The parasite targets area such as the nervous system, brain and kidneys. Symptoms of active disease can include urinary incontinence, excessive urination and drinking, head tilt and loss of coordination, weakness and potentially convulsions and death.

Infection can be avoided by not picking greens from wild areas which could be contaminated by wild rabbits. E. cuniculi may potentially infect people with suppressed immune system so people at risk should avoid contact with rabbits.

Rabbits showing symptoms can be treated with supportive medication and a product called Panacur Rabbit which eliminates the parasite, but this won’t necessarily undo the damage caused by E. cuniculi.
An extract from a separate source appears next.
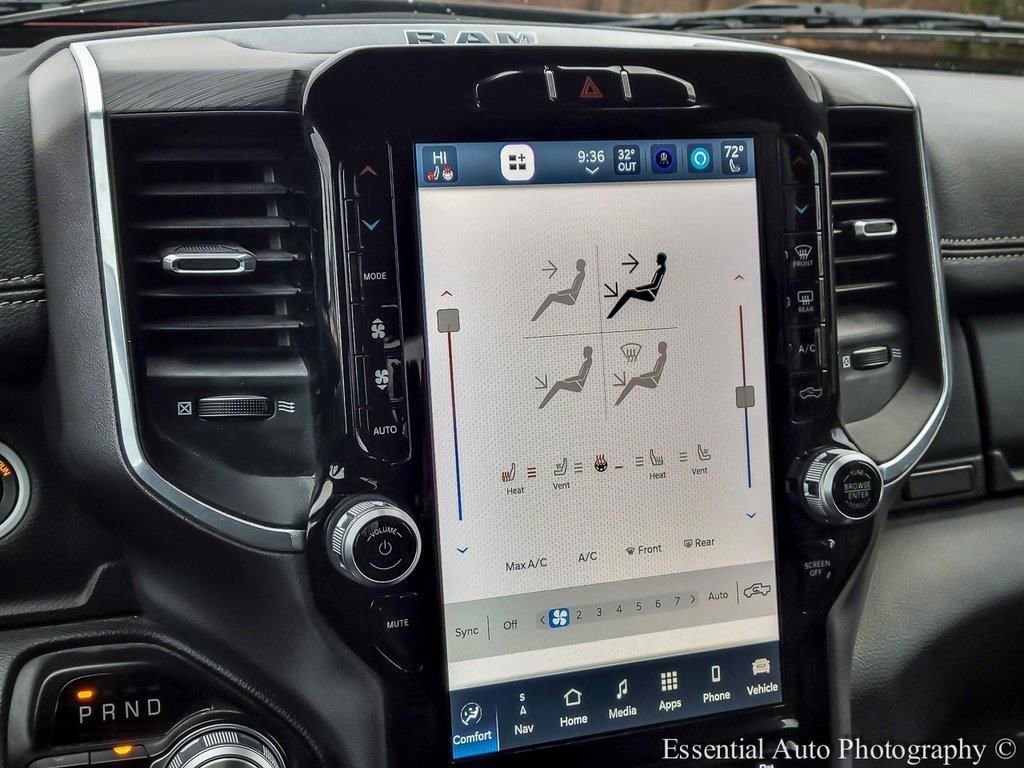 Used 2023 RAM 1500 Laramie image 21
Spotting the symptoms early and getting the rabbit treated will significantly improve a rabbit’s chance of recovery.

Bacterial Infection: Pasteurella multocida

Pasteurella is a bacterium that causes abscesses and inflammatory disease in rabbits. It can affect any part of the rabbit, but is frequently seen as an upper respiratory tract infection, commonly referred to as ‘snuffles’.

Antibiotics that are safe for rabbits are not always effective against Pasteurella, so rabbits that have had an infection should not be introduced to new rabbits as they may pass on the infection.

Abscesses caused by the bacterium are rarely resolved with antibiotics, but can easily be removed surgically if in an accessible place.

The bacterium can also affect areas in the tooth roots, behind the eyes and in the inner ear (causing dizziness and circling) which can be much more difficult to treat. Potentially rabbits may carry the bacterium, with it only causing disease when the rabbit’s system is stressed by other physical disease; just another reason to keep your rabbit as healthy as possible.

Bladder and Kidney Stones

Rabbits do not control the amount of calcium absorbed from their diet, so increasing calcium in the food will increase the calcium in the blood. Also, unusually, rabbits get rid of most excess calcium from their blood into the kidneys rather than the digestive tract. This means that more calcium in the diet almost inevitably will lead to kidney or bladder stones.

Kidney calcification may lead to kidney failure, and kidney stones are very painful as are bladder stones. Often bladder stones require surgical removal. Avoiding high calcium foods (such as alfalfa) and sticking to a mainly grass diet will help in preventing stones.